Five others, including alleged ringleaders Neil K. Scott and Timothy C. Brooks, had their cases put on the trial list, which gives them time to continue exploring their options, O'Neill told a courtroom packed with defendants, attorneys, and family members. The cases of two other ring members, both under 18, have been heard in Juvenile Court.
In April, the District Attorney's Office arrested 11 suspects who officials said were part of an operation launched in December 2013.
In a text message that investigators seized, Brooks allegedly called the initiative "My main line take over project," a now-notorious nickname for the ring.

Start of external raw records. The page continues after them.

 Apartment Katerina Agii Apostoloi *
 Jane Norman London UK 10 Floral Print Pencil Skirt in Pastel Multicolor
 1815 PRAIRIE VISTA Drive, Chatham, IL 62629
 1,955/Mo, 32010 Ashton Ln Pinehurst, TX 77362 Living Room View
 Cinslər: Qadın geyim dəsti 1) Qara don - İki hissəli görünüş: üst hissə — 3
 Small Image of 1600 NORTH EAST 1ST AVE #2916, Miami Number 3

Authorities called Scott, 25, of Haverford, and Brooks, 19, of Villanova, the ringleaders who dispersed the drugs, mainly marijuana, and recruited the others to sell to students from Lower Merion, Harriton, Conestoga, and Radnor High Schools; the Haverford School; and Haverford, Gettysburg, and Lafayette Colleges.

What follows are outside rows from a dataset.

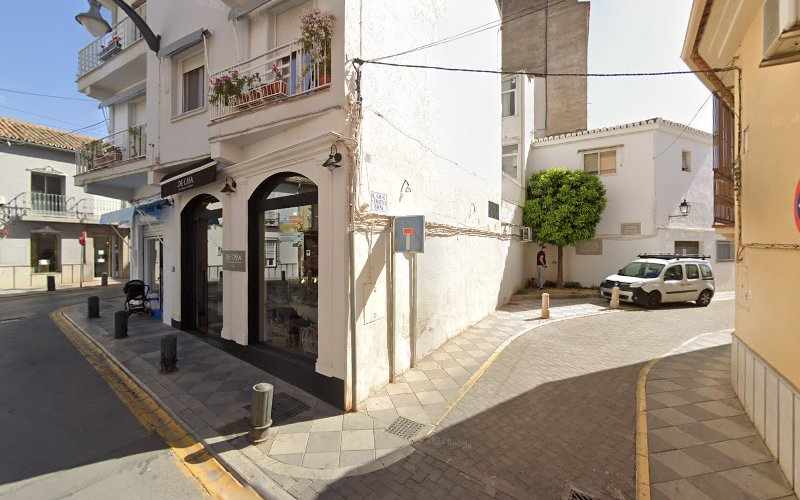 Fotografia tomada fuera de Panadería PinosPan - Panadería en Atarfe, Granada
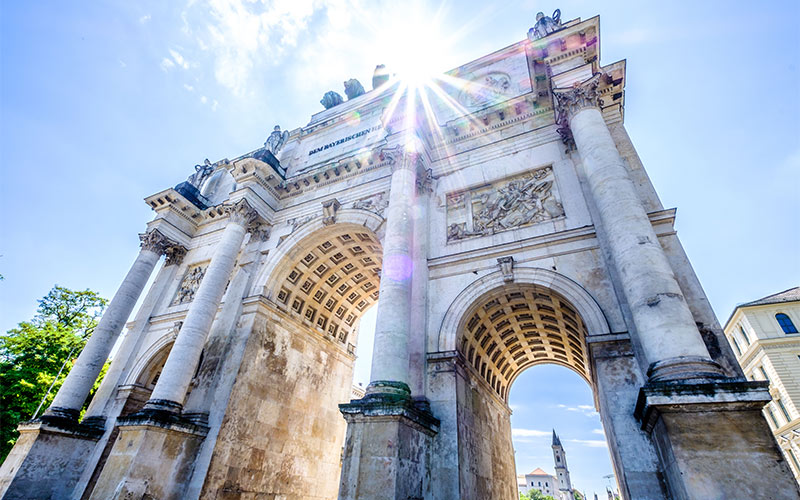 1-famous-siegestor-in-munich 1-famous-siegestor-in-munich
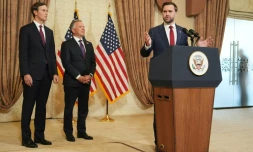 Conférence de presse du vice-président américain JD Vance, en présence du gendre de Donald Trump Jared Kushner et de l'émissaire spécial américain Steve Witkoff à Islamabad le 12 avril 2026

Those who pleaded Wednesday bought drugs from Scott and Brooks and sold them to others, according to court documents.
Reid J. Cohen, 19, of Englewood Cliffs, N.J., and Garrett M. Johnson, 19, of Jericho, N.Y., pleaded guilty to misdemeanor charges of receipt in commerce of marijuana, possession of marijuana, and possession of drug paraphernalia.

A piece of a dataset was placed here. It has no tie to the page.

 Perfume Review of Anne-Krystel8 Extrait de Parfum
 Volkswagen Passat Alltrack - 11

Both attended Haverford College at the time of their arrests and could receive up to five years each in prison on the charges.
"The district attorney came up with an appropriate offer," said Cohen's lawyer, Emmett Madden.
Domenic V. Curcio, 29, of Philadelphia, pleaded guilty to felony criminal conspiracy with intent to deliver marijuana and faces a 21/2- to five-year sentence. Curcio, who was on probation for an unrelated offense when he was arrested, was brought to the courtroom from the Montgomery County Correctional Facility and returned there afterward.
Willow L. Orr, 22, of Philadelphia, pleaded guilty to one count of criminal conspiracy to possess drugs with intent to deliver and also faces a jail term of 21/2 to five years.
In exchange for pleading guilty to some counts, the four will have other charges dropped if they meet conditions, including testifying against codefendants - particularly Scott and Brooks - if trials occur. The deals did not include reduced sentences.
O'Neill, who is in charge of the county's drug court, spoke to some defendants about their own use of marijuana, asking if they had any in their system and ordering that they not use any drugs.
Montgomery County Special Assistant District Attorney Tonya Lupinacci said sentencing for the four would not occur until after the cases of Brooks and Scott are resolved.
She said the four cooperated with authorities from the start, and that the case offered a lesson for any young person who might want to engage in similar behavior.
"I know we've initiated several conversations in homes all around America between parents and their children about deciding what is right and what is wrong," Lupinacci said. "These defendants made the wrong decision and they will pay for it."